The laboratory was set up to train cross-disciplinary specialists who will be able to analyze and integrate data from different fields.
Anyone who works in the laboratory needs not only to be well-versed in geology, seismology and petrophysics but also to understand the basic principles of related disciplines, such as the drilling, development, installation and economics of oil fields.
Maksim Mityaev, co-director of the laboratory
The laboratory staff are integrated into the workings of the entire Science and Technology Center and are engaged in solving problems in two key focal areas: production projects on the one hand, and research and development on the other. “The work on production projects involves challenges that we are already quite familiar with and know how to solve. But in the second area, things are developing in a completely different way,” the laboratory’s co-director explained. “Here there are challenges that we are just beginning to work on at the STC. The top priorities are prescribed in the center’s strategic technology plan, and they are the development of unconventional reserves, the refinement of enhanced recovery methods, the technologies of geological exploration and other advanced fields. Working on such projects, we know exactly what results we would like to achieve and are searching for and developing new, more effective technologies.”
Leysan Muzafarova, a graduate of St Petersburg University, is engaged in one of these strategic objectives. The purpose of her research is to classify oil deposits and reservoirs according to a limited amount of initial data.
We calculate the corrections that need to be introduced into the parameters of a reservoir – porosity, oil saturation and others – so that already during the first stages of prospecting and exploration we have an idea of the reserves and the uncertainties in the finite model.
St Petersburg University graduate Leysan Muzafarova
Insaf Khisamutdinov, a second-year master’s student at St Petersburg University, is involved in a more applied problem. He is constructing a model of productive reservoirs at a particular oil field in western Siberia. “While working on such problems, it immediately becomes clear why we study what we do at the university.

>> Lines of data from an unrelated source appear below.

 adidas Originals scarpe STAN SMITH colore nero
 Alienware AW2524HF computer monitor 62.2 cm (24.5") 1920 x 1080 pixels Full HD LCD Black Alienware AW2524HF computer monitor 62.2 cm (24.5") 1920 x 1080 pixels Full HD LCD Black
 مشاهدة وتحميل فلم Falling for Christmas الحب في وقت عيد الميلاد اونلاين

It’s really useful to start working on real-world projects as part of our master’s program,” the graduate student pointed out. “This makes it possible to bring everything we have learned during out studies into clear focus and with everything in the right place.”

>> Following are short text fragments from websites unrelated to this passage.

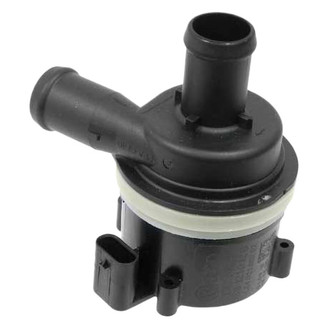 Pierburg® - Auxiliary Water Pump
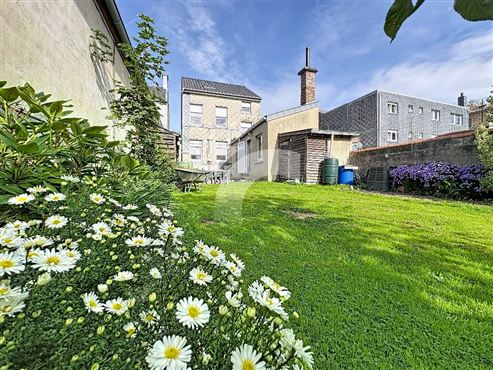 Haus - MORESNET-CHAPELLE
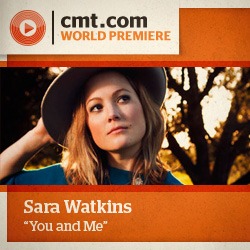 Sara Watkins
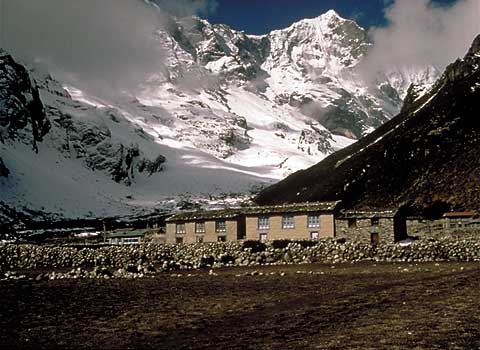 Alpine Ascents International Khumbu Trek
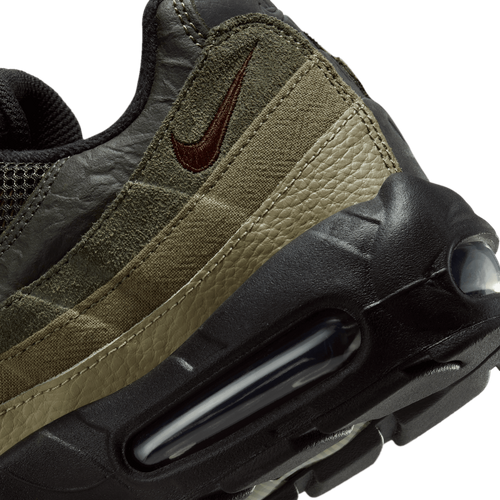 BUTY MĘSKIE AIR MAX 95 FD0652-001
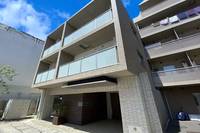 東京都北区滝野川6(マンション)の賃貸物件の外観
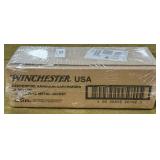 500 rnds Winchester .38 Spl Ammo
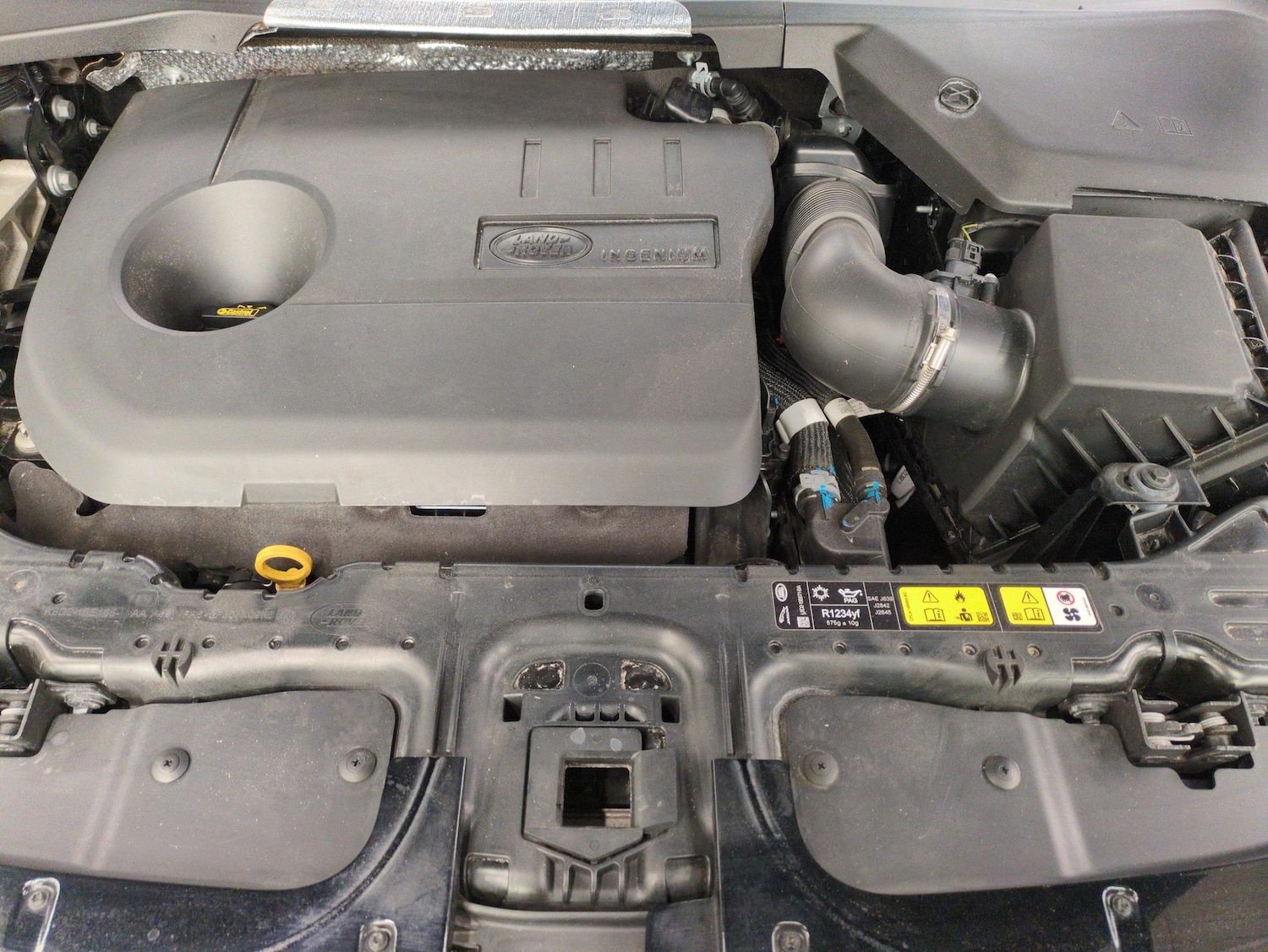 Used Land Rover Range Rover Evoque 2022 for sale - 77043574: Photo 39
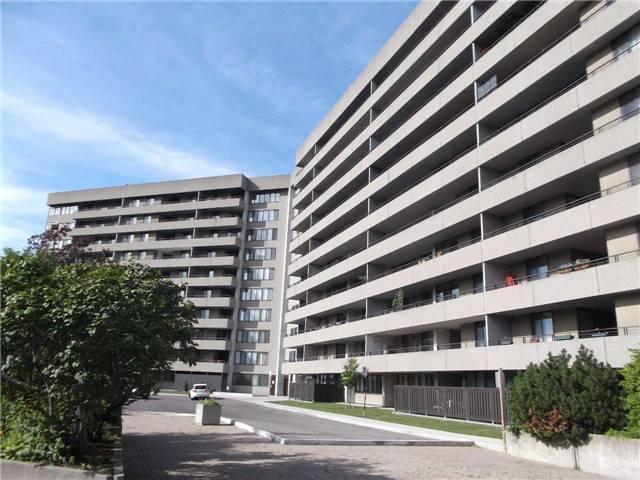 206 - 1320 Mississauga Valley Blvd, Condo with 2 bedrooms, 2 bathrooms and 1 parking in Mississauga ON | Image 1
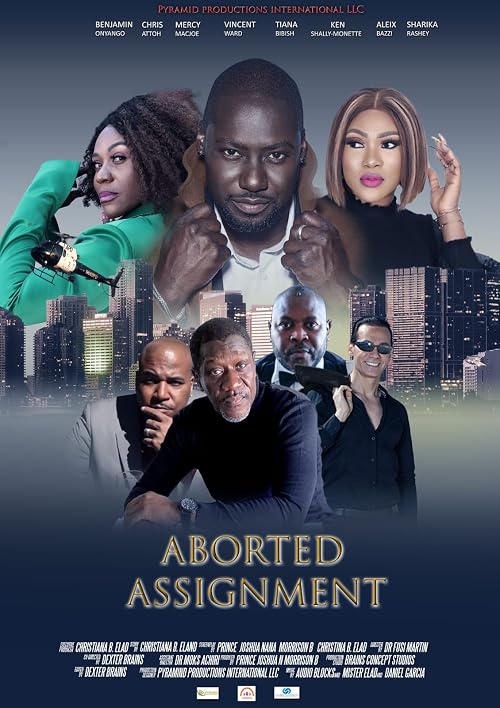 Aborted Assignment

In future, the project directors also plan to involve students who are in a joint academic program of St Petersburg University and the STC, Geological Support of Developing Hydrocarbon Reserves, in the work of the laboratory. “It is important that the program itself give a strong theoretical foundation and that the problems that students work on solving at the STC become a part of their graduation thesis at the university,” Mityaev noted. “This was, after all, the original idea behind the creation of the laboratory.”